Here’s what you do: Grab Eggbert’s mushy form up in one hand. Smack him on the behind and drop kick him into the corner. You likely won’t see him again ’til another day, as he tends to sleep where he falls.

Buster is the thug demon of sixth grade. He looks like you’d expect. He’s an overall humiliator and is heavily armed because he knew you way back when. He lays the past humiliation of wedgies, spitballs, and fake love notes around your shoulders as he mocks you. He says, “Look at you, bigtime writer. Haha! A WRITER! Puhlease. You’ll never get published, you’re gonna write and write and write for years and nothing’ll happen for you because you’re the one with that flat, flat hair and those highwaters we made fun of and no one is ever ever going to forget that candy-snap rust colored velour shirt or your purple framed glasses. Why even bother. You never could write.” Buster is pretty much immune to physical abuse. So just remember that he’s running a gas station back in your hometown and is addicted to beer and Fox News. He tried to run a disability scam but the company wouldn’t pay, so now he spoons sugar into every twenty fifth car’s gas tank to retaliate. Turn your back to him, knowing this.

And get back to work.

So you get writing. Buster’s gone. He evaporates if you ignore him hard enough. Eggbert’s off in a corner upside down with his tail falling in his eyes

And you start to write. And the keys move faster. And you may actually have the beginning of a fragment of a thought that might turn into something. And your sails billow and you feel like this may be a journey worth taking.

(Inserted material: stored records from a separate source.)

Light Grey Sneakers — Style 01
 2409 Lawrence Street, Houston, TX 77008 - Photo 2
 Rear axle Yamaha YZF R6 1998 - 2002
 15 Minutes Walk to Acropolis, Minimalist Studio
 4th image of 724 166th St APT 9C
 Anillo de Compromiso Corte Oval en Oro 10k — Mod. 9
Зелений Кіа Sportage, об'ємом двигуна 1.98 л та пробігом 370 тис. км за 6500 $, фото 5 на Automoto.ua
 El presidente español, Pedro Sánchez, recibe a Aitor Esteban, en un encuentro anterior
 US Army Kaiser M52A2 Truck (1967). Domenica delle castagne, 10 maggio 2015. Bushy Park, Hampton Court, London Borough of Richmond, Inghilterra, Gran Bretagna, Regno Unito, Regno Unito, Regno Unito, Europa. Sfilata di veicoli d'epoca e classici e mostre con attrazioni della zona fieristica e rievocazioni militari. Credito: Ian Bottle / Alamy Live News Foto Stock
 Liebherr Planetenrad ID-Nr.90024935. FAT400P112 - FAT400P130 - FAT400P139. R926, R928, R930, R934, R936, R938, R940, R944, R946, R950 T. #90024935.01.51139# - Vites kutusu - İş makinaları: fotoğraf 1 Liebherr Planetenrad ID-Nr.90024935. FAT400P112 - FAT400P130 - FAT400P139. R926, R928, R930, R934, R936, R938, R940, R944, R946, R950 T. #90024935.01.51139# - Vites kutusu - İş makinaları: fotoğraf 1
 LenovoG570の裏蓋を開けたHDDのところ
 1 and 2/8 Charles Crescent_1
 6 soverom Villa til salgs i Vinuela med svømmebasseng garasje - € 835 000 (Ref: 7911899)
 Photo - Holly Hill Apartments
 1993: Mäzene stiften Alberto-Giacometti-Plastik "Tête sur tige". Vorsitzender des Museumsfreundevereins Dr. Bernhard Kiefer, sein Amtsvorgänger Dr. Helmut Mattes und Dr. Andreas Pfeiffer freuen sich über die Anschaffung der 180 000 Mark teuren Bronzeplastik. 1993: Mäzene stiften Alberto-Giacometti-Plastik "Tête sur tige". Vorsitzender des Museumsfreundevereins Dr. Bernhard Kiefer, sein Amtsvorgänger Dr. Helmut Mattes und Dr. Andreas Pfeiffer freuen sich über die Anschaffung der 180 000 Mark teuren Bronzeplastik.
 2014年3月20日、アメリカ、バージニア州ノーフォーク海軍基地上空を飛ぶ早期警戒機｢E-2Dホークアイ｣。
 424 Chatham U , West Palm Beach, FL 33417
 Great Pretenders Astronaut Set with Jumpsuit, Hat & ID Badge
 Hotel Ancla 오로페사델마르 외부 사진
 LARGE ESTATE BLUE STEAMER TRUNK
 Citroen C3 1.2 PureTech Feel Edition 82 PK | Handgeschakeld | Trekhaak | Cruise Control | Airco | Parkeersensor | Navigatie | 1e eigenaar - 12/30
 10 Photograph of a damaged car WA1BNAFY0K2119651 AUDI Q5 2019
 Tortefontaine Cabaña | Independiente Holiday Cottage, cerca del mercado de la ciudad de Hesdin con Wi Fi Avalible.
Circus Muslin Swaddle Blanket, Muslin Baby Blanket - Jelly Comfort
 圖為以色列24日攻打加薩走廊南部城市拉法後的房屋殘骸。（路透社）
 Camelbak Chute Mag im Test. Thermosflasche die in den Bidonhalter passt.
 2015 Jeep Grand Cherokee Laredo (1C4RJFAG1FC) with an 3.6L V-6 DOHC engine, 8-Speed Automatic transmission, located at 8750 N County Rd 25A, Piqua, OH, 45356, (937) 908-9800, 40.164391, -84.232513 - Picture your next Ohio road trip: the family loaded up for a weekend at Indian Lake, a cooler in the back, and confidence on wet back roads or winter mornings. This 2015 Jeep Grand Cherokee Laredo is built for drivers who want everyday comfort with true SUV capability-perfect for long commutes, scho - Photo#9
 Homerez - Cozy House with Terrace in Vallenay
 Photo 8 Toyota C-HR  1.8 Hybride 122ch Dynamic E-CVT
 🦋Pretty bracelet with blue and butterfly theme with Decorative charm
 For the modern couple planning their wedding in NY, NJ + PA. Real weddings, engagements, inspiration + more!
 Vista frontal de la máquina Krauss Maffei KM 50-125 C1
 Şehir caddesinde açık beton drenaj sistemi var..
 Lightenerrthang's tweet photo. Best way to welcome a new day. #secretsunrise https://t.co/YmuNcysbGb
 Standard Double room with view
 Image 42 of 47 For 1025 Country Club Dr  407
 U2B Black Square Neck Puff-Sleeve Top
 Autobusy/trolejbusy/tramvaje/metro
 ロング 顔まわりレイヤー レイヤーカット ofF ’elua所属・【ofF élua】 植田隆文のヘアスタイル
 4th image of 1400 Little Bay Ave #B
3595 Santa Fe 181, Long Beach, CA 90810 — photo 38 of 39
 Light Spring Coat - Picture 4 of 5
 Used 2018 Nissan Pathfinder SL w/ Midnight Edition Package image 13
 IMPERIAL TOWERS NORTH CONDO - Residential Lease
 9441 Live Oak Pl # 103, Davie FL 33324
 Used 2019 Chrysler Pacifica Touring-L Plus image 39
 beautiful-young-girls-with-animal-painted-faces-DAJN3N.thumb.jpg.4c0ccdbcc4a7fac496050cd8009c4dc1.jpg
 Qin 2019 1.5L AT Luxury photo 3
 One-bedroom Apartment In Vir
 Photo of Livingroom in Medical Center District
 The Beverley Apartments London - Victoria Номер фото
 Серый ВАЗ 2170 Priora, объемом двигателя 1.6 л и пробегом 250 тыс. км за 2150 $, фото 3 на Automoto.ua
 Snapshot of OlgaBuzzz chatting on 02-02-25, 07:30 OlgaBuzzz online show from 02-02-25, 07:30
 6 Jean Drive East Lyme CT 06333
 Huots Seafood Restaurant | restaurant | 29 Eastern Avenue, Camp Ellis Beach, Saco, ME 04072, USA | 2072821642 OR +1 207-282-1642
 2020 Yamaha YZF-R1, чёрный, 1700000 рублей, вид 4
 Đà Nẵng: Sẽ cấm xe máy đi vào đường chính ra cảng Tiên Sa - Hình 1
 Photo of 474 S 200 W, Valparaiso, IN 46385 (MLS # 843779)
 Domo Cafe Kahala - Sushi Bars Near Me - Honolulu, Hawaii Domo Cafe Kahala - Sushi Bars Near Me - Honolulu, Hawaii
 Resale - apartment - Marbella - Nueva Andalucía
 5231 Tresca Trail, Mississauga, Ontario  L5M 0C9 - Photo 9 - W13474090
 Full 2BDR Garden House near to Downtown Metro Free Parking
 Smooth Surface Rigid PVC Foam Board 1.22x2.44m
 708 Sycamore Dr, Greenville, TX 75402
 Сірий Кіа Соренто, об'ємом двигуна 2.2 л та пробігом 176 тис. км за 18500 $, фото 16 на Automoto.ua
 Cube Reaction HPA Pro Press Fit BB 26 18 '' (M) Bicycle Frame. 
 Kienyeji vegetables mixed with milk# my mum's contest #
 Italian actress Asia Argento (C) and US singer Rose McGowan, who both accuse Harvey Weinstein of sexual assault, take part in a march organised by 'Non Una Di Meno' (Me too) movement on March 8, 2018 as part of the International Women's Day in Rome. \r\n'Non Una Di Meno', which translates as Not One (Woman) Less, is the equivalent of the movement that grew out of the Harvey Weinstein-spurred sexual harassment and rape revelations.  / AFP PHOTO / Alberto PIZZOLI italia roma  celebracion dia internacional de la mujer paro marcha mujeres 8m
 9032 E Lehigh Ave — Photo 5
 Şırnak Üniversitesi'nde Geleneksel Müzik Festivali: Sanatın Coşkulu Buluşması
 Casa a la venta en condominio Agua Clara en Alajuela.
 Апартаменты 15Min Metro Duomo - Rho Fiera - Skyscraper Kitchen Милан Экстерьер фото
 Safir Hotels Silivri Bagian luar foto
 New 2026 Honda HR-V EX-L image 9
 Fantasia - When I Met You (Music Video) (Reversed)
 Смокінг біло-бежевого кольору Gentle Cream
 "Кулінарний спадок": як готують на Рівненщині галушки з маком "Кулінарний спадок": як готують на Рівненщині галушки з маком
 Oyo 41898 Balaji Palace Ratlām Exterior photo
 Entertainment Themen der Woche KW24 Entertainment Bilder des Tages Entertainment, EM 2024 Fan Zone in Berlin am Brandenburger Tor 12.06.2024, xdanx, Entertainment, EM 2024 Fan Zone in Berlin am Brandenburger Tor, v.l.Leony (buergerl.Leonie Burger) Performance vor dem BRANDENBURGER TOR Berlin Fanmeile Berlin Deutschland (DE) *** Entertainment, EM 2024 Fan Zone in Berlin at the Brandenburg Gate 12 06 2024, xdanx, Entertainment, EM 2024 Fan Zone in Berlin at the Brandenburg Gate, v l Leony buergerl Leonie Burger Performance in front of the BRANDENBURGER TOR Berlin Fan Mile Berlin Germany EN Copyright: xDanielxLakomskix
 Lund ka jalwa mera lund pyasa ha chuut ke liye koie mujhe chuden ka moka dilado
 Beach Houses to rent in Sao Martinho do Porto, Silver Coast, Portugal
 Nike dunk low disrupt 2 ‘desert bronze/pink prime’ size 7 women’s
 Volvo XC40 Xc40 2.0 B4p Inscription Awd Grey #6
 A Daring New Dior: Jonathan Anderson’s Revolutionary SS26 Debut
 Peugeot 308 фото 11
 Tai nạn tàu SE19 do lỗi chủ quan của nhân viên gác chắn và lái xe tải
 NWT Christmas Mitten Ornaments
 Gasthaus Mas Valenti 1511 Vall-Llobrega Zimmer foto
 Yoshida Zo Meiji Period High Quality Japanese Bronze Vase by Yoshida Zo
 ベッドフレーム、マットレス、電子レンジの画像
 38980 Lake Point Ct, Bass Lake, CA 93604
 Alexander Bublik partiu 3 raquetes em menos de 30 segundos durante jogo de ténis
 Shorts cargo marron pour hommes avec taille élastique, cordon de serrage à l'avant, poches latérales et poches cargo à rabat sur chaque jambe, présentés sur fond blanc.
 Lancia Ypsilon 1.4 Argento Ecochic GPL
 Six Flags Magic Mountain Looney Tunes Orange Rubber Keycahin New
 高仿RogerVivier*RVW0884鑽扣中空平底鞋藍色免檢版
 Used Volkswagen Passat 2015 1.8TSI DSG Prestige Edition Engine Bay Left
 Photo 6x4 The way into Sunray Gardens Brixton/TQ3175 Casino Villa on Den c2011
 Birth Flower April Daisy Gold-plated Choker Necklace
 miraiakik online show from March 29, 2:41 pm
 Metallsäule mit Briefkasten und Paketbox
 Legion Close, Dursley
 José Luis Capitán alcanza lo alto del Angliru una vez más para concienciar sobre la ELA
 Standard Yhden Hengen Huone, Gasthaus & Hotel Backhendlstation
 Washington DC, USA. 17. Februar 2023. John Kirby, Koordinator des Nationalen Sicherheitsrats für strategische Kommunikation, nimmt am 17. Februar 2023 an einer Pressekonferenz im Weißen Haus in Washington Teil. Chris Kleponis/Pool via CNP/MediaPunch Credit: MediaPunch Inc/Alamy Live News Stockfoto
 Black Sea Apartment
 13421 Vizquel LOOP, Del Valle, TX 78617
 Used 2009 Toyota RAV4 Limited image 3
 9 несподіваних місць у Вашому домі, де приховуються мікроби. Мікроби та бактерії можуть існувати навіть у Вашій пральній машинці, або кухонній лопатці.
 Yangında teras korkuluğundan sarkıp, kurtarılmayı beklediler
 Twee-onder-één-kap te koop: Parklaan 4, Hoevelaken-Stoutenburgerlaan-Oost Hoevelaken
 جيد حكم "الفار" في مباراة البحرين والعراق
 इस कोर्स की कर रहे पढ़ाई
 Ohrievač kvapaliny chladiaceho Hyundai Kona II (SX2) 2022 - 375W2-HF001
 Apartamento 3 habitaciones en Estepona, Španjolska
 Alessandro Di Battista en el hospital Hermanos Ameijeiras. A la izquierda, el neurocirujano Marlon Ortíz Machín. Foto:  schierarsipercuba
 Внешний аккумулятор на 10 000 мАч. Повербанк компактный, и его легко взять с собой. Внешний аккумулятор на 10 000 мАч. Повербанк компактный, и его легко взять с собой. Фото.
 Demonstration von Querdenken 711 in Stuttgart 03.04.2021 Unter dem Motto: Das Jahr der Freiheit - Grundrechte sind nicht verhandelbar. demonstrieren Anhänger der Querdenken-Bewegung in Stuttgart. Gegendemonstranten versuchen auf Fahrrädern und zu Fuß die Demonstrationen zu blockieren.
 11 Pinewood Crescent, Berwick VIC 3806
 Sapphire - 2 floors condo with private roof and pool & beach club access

But then you look up and Miss Nibs is there. She’s tall, skinny, has spectacles at the end of her nose, and she’s leaning against your computer screen.  Keep a ruler handy because it’s the only way to deal with her.

Miss Nibs has at her disposal every misspelled word, grammar mistake, and red-marked note on every school paper you ever wrote. She holds every C minus, every B plus on what you thought was an A and, deep in her pockets, she holds that F you got in geology. Miss Nibs is there to tell you that you shouldn’t write, because you can’t. She reminds you that you are not smart enough. One good whack on the nose with the ruler and a sharply exclaimed, “You’re not a writer!” and she will slink away. Because Miss Nibs is a grammarian and a corrector. She never could write.

Get back to your work and whatever you do, don’t look over in the corner. For there sits Oliver in a wing-backed chair. He’s green and smug and reminds you of that guy in college, the one with inexplicable appeal. Everyone wanted to hang out with him, but you never knew why. Pardon his cravat, his pipe, his Masterpiece Theater smoking jacket, his hip chunky horn-rims and his general air of entitled well being — he just wants to remind you of all of those who have succeeded in this field of writing. If you look at him too long, your heart will race with book publications, cushy tenured university posts and parties and contracts and houses in the country and honorary degrees and movie deals and thanks and all of the things that you — he hates to say it — are not even close to getting. Because you’re not good enough. This guy’s a real bastard. Because he’s made of castles in the sky and if you stare at him too long you’ll forget that the reason you’re here in the first place is to write. The magic charm to disappear this smug fuck is, “Oliver, what are you working on?” Because he isn’t writing. He’s gotten too high off the success. He’s actually stuck on page five of the first book of his three book deal at Random House. He’ll deflate, then wither, then disappear.

So you’ve bid your demons goodbye, you’re listening hard to the muse and to your material, things are going well, and you get to draft. It’s here you’ll meet the last and perhaps the most insidious demon. This is the demon who makes sure that a lot of good writing never sees the light of day. The demon of revision. The nihilist.

He doesn’t have a name. I just call him, “little fucker.” You’re looking at a large body of work that you’ve amassed, or a single story or poem you had some confidence in yesterday. You look at it with revision in your heart and he creeps onto your shoulder and whispers evil things in your ear about how your voice is terrible, what you write is shit, and none of it matters. He asks you why you thought you should write this piece of crap in the first place.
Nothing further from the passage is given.